Lo stesso nuovo ministro degli Esteri dell’Iraq, Ibrahim Jafari, si è detto “dispiaciuto” dell’assenza dell’Iran rendendosi evidentemente conto di quanto ciò fosse controproducente. Con un ragionamento che la dice lunga sulla capacità del governo di Washington di capire la situazione, la scorsa settimana il segretario di Stato americano Kerry aveva invece escluso che si potesse chiedere la collaborazione all’Iran proprio a causa del suo coinvolgimento “in Siria e altrove”. Nel comunicato conclusivo della Conferenza si legge che i paesi partecipanti si sono impegnati a sostenere il nuovo governo iracheno nella sua lotta appunto “con tutti i mezzi necessari, compresa un’adeguata assistenza militare”. Ieri però la Turchia, che ha quasi 40 suoi cittadini tenuti in ostaggio dall’Is, ha precisato di essere disponibile solo a dare sostegno a operazioni umanitarie.
Sembra che l’impegno sia stato anche sottoscritto da dieci paesi arabi: Egitto, Iraq, Giordania, Libano, Bahrain, Kuwait, Oman, Qatar, Arabia Saudita e Emirati Arabi Uniti, ma non sono chiari gli impegni che ciascuno di essi ha preso. Viceversa è un fatto che nelle fila dell’Is ci sono miliziani a suo tempo addestrati in Arabia Saudita e in Qatar, e che questi due paesi, entrambi schierati contro il regime siriano di Bashar Assad, hanno perciò a lungo finanziato gruppi ora confluiti nell’Is. Se poi è vero quanto la Cia valuta, ovvero che l’Is disponga di una forza compresa tra 20 e 31mila uomini, ciò implica l’esistenza di una sistema logistico e di finanziamenti colpire i quali sarebbe non meno importante che bombardare le forze in armi sul campo.
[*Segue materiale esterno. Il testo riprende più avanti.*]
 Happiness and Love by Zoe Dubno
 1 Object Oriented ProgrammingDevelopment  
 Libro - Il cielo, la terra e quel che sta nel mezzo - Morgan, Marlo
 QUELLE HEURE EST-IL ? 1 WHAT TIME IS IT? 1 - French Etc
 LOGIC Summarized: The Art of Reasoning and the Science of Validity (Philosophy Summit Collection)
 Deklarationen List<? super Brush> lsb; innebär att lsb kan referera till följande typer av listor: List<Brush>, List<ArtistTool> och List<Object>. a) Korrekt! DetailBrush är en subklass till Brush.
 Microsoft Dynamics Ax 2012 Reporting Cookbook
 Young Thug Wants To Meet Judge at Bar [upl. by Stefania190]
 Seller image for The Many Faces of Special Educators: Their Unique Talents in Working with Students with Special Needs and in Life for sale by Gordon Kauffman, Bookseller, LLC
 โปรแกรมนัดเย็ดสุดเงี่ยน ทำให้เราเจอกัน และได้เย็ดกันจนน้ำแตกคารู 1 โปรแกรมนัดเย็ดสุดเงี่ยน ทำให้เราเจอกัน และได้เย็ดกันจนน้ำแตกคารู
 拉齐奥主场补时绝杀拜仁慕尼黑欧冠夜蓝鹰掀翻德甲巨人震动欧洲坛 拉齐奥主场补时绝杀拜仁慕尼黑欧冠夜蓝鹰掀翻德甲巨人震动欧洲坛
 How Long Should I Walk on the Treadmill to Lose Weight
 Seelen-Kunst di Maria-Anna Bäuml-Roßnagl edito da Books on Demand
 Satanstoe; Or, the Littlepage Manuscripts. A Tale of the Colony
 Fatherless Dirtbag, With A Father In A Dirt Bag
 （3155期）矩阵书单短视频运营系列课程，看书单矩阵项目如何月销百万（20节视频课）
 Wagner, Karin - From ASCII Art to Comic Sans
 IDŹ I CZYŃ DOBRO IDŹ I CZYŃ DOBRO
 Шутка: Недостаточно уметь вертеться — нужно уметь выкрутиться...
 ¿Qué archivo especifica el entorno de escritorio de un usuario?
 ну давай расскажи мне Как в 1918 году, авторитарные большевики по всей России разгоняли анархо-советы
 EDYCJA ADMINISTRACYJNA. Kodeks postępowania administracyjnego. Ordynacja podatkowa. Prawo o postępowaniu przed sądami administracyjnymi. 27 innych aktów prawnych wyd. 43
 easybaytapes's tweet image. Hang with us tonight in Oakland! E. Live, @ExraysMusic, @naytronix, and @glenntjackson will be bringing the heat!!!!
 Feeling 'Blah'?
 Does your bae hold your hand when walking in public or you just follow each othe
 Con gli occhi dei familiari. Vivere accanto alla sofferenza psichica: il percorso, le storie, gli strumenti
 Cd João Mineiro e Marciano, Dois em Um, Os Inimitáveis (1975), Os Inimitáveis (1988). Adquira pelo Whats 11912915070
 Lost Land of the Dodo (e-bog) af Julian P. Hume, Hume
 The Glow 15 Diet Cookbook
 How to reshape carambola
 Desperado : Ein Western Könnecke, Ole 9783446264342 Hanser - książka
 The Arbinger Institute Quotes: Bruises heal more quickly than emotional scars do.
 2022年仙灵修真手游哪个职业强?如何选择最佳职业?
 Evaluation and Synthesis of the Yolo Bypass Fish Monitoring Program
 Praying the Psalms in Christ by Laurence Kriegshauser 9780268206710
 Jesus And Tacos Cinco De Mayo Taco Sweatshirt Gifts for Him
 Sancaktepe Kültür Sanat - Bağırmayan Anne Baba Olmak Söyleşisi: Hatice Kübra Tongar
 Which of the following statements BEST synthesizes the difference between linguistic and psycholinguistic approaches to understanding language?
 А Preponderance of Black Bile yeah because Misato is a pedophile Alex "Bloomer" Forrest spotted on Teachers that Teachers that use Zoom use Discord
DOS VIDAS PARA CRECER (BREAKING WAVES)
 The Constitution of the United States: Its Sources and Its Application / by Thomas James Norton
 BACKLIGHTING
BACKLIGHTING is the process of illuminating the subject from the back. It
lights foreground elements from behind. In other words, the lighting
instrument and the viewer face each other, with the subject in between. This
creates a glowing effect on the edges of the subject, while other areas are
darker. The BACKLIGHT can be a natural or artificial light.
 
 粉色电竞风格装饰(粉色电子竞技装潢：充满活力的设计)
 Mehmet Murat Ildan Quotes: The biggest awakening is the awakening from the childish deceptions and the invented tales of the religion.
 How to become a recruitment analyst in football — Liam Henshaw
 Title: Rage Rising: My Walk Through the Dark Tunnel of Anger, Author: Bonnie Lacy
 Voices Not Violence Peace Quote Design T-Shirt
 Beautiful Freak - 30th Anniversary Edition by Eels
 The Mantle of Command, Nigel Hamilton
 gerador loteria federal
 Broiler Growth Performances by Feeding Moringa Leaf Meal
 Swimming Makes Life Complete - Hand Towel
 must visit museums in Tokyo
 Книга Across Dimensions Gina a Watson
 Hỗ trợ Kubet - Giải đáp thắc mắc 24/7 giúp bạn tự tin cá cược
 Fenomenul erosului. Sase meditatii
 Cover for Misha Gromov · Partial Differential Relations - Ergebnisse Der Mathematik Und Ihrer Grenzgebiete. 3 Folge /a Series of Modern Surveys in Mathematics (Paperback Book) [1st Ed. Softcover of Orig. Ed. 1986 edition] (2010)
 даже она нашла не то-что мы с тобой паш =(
In sostanza obiettivo della Conferenza, soprattutto voluta dagli Stati Uniti, era quello di raccogliere consenso e basi logistiche per gli interventi dell’aviazione americana in appoggio ai Peshmerga, ossia delle milizie del governo autonomo del Kurdistan iracheno, le uniche forze che nella regione sono armate, motivate e decise quanto basta per fermare gli islamisti dell’Is. Frattanto ai Peshmerga si stanno fornendo nuovi armamenti. In tutto questo consiste in sostanza il piano di Obama, il quale spera così di costringere l’Is ad abbandonare le regioni dell’Iraq del Nord che ha occupato e a ritirarsi nelle sue roccaforti nella Siria settentrionale, senza nulla dover chiedere né al governo di Damasco, né a quello di Teheran. A nostro avviso questa è una pericolosa illusione, ma speriamo di sbagliarci.